When Painful Things Happen and You Don’t Understand Why

Editor’s Note: This is a contribution by Harriet Cabelly

We all have problems. The way we solve them is what makes us different.” ~Unknown

I used to be a “why” person. Why you ask? Because after receiving my middle daughter’s diagnosis of a neurological condition, I got really hooked into “why me” mode, and it just ate away at every fiber of my core.

I obsessed over “why.” Why did it happen?
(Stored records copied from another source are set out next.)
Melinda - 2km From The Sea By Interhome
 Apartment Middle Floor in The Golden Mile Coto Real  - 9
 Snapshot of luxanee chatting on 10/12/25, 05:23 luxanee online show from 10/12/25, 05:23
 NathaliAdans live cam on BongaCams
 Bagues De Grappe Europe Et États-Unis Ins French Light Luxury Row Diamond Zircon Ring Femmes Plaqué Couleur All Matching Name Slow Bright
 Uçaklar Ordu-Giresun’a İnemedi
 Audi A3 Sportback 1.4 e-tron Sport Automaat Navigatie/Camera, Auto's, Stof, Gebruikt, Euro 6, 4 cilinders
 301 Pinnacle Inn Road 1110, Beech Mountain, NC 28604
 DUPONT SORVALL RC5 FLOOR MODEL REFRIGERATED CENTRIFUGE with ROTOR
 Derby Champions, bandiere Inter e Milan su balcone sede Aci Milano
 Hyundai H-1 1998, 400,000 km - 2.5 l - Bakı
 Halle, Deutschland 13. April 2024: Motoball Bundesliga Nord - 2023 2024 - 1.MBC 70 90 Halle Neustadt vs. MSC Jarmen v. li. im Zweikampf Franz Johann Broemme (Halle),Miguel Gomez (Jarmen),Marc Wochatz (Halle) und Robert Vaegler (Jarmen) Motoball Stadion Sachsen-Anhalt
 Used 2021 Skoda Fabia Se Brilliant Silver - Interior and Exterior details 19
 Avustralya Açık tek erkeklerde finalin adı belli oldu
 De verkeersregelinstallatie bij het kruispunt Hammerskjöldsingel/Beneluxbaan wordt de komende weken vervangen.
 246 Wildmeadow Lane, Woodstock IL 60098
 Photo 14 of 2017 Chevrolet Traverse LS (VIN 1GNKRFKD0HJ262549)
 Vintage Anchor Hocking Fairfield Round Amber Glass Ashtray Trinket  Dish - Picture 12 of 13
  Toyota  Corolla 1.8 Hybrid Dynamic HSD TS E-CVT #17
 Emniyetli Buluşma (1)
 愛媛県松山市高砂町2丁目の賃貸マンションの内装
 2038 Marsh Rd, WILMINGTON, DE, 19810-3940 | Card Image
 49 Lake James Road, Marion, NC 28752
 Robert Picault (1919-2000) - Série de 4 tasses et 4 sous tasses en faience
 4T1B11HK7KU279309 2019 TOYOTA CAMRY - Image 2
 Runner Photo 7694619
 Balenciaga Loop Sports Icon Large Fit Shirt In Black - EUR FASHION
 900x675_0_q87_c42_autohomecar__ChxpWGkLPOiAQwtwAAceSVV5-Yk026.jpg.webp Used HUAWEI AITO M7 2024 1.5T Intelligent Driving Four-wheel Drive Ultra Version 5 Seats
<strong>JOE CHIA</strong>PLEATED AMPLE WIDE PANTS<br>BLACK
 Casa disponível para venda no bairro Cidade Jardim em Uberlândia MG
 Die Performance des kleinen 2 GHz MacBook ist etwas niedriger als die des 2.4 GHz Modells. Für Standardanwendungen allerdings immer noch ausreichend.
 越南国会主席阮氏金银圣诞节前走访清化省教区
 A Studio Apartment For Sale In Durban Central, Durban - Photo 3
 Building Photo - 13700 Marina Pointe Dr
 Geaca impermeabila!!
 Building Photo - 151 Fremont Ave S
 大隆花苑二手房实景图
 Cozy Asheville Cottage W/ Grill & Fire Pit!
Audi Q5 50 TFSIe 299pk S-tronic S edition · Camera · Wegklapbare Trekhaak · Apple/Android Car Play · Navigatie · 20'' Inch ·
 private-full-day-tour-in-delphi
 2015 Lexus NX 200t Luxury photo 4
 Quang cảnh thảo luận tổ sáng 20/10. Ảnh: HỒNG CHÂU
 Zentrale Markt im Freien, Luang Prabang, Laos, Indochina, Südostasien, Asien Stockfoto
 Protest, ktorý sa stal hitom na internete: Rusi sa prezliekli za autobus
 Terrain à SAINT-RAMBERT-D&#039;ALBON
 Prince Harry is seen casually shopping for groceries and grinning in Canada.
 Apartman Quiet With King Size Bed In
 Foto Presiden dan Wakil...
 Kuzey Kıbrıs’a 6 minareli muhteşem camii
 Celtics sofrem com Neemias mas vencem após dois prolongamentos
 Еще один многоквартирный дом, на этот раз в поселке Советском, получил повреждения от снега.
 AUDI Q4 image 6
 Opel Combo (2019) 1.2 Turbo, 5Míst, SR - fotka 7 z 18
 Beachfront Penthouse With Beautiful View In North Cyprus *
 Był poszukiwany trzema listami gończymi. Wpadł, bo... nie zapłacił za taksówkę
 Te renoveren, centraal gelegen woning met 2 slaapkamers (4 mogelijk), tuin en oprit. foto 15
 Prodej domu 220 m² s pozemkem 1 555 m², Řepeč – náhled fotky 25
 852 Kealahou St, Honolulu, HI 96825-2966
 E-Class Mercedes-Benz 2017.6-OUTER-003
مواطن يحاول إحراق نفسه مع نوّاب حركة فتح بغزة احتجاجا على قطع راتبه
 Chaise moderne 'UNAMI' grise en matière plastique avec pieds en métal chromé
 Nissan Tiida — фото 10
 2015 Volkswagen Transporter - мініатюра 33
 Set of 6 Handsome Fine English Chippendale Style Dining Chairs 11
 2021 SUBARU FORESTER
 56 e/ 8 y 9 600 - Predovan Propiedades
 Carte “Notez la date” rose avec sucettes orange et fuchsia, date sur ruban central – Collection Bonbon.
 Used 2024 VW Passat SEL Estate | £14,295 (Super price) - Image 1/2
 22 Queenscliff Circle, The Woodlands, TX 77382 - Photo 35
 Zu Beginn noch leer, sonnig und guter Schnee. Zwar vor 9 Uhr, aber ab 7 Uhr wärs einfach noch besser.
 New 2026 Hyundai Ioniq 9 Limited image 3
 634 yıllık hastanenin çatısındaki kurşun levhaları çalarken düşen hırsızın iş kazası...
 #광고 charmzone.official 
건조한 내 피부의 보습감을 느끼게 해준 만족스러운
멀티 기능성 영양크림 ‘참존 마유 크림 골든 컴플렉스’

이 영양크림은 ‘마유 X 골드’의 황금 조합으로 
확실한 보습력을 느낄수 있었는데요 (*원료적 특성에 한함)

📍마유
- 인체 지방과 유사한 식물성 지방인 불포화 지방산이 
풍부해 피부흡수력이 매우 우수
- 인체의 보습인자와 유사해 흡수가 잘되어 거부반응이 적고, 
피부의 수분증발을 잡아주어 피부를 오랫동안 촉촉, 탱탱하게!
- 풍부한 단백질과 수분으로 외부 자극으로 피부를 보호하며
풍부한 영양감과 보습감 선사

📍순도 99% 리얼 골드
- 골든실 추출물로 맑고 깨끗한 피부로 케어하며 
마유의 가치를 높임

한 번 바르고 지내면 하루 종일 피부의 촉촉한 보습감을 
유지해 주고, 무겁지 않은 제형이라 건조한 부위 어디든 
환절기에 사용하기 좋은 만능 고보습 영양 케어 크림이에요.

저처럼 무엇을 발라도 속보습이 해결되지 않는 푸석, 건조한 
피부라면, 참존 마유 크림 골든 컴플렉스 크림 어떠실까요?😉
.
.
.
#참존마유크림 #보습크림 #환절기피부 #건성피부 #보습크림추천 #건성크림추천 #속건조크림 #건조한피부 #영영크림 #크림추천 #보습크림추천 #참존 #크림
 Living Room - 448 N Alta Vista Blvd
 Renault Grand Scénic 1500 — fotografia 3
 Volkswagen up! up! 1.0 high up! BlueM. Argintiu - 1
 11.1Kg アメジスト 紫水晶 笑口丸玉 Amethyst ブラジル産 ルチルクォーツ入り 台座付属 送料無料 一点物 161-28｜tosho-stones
I needed to make sense out of a senseless fluke of nature.

I was devastated and beside myself with the raging emotions of grief—the anger, bitterness, and resentment—and the dance in my head and the ache in my heart kept circling and banging into the graffitied wall of  W H Y in big black letters.

Here is where I remained for a long year of ranting and raving in a therapist’s office.

I sought out lectures and classes on the famous theme of “why bad things happen to good people.” (As I’m sure you all know, there’s a book by the same title.) I was totally stuck in this place.

I felt so unwound and so out of control that I thought being able to wrap my head around a “real” reason would somehow help me in coping.

I thought if I understood the “why,” I could deal with it better.

I often say and truly believe that if I can understand where someone is coming from, I can more readily and easily accept our differences and disagreements; that this breeds tolerance and respect, and sets the stage to agree to disagree.

I somehow thought this to be similar in my acutely grief-stricken situation—that if I could understand where this came from and why this happened to my baby, I could accept it more easily and therefore cope with it.